*** Opening of Data for the task ***
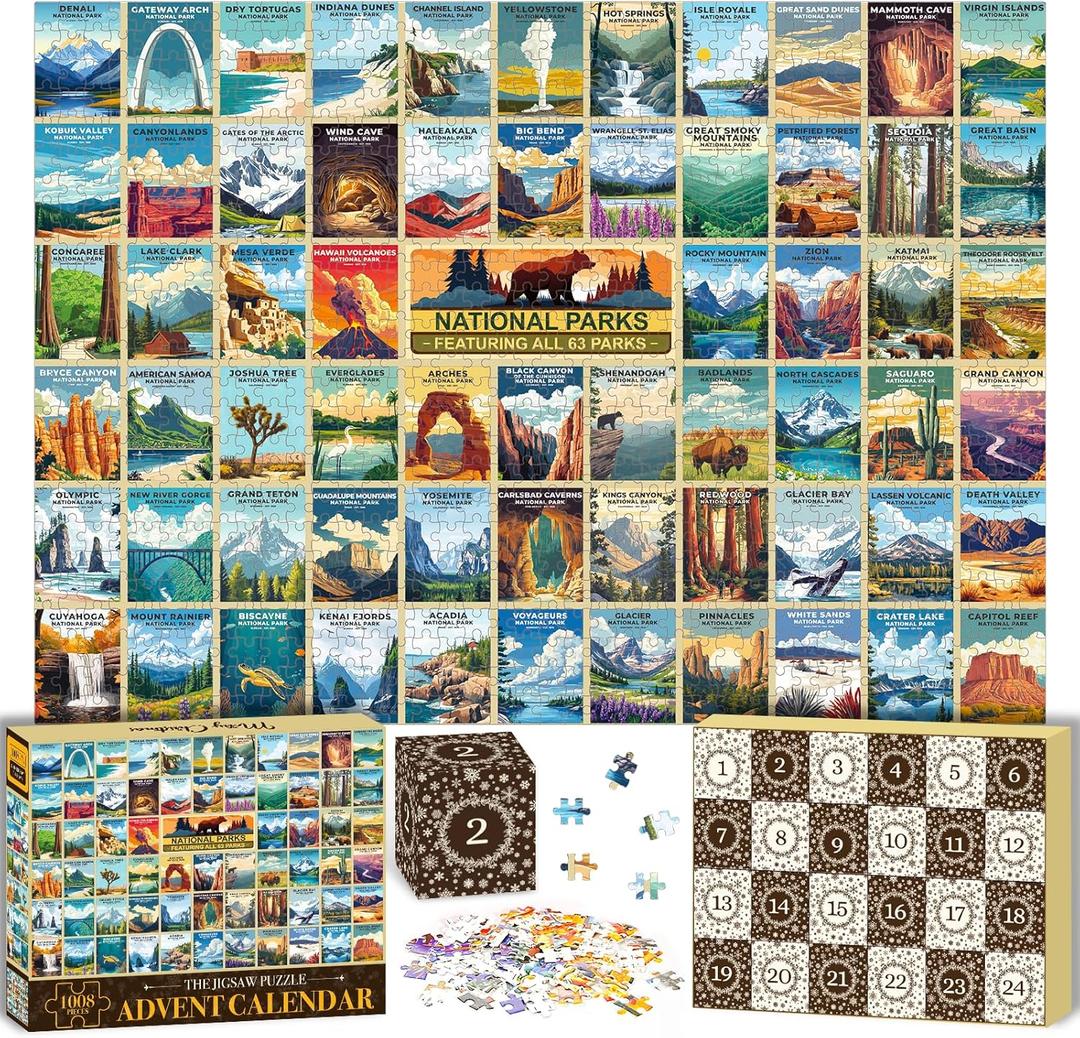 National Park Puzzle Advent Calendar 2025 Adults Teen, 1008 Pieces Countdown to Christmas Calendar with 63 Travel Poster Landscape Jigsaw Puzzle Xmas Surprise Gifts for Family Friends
*** Close of Data for the task ***
*** Opening of Data for the task ***
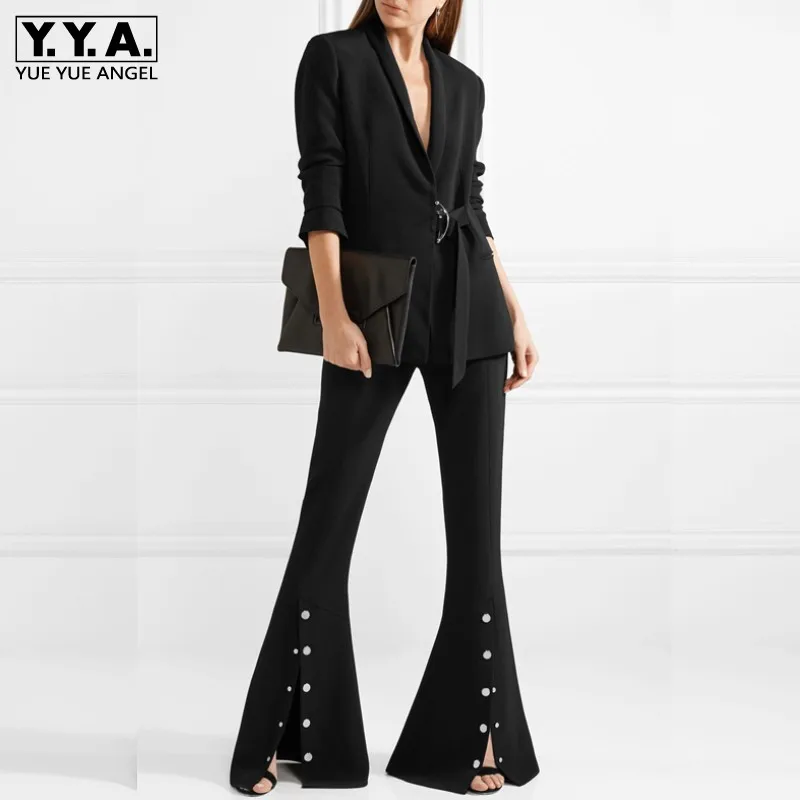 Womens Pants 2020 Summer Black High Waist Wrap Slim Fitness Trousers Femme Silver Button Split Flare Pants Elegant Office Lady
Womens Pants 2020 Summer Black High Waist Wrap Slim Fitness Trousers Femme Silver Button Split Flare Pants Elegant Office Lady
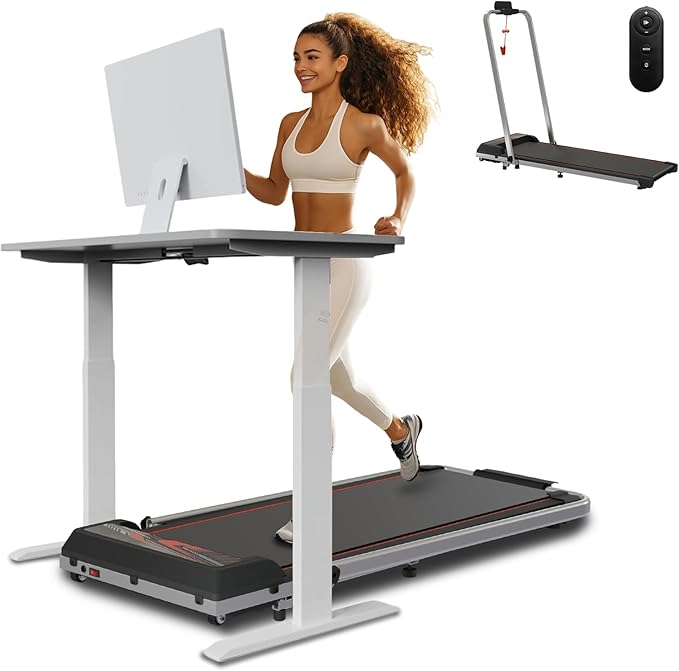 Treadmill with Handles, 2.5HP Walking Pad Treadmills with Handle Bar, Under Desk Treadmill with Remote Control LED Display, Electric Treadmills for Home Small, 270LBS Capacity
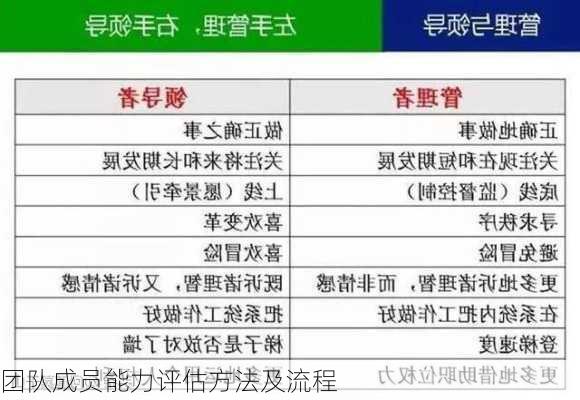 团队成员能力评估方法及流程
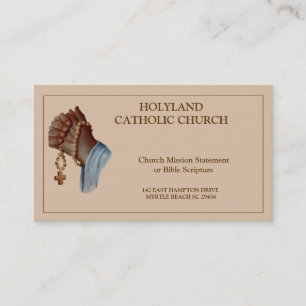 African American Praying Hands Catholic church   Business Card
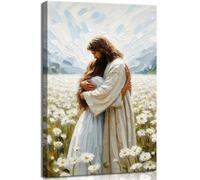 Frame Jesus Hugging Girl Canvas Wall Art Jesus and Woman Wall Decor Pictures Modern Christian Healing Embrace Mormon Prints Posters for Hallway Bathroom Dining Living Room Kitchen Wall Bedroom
*** Close of Data for the task ***
• **Assigned task**
Above is the material; set down exactly its lines from the one containing "African American Praying" down to the one containing "Frame Jesus Hugging", both included, leaving out any pictures.

• **Output for this task**
 African American Praying Hands Catholic church   Business Card
 Frame Jesus Hugging Girl Canvas Wall Art Jesus and Woman Wall Decor Pictures Modern Christian Healing Embrace Mormon Prints Posters for Hallway Bathroom Dining Living Room Kitchen Wall Bedroom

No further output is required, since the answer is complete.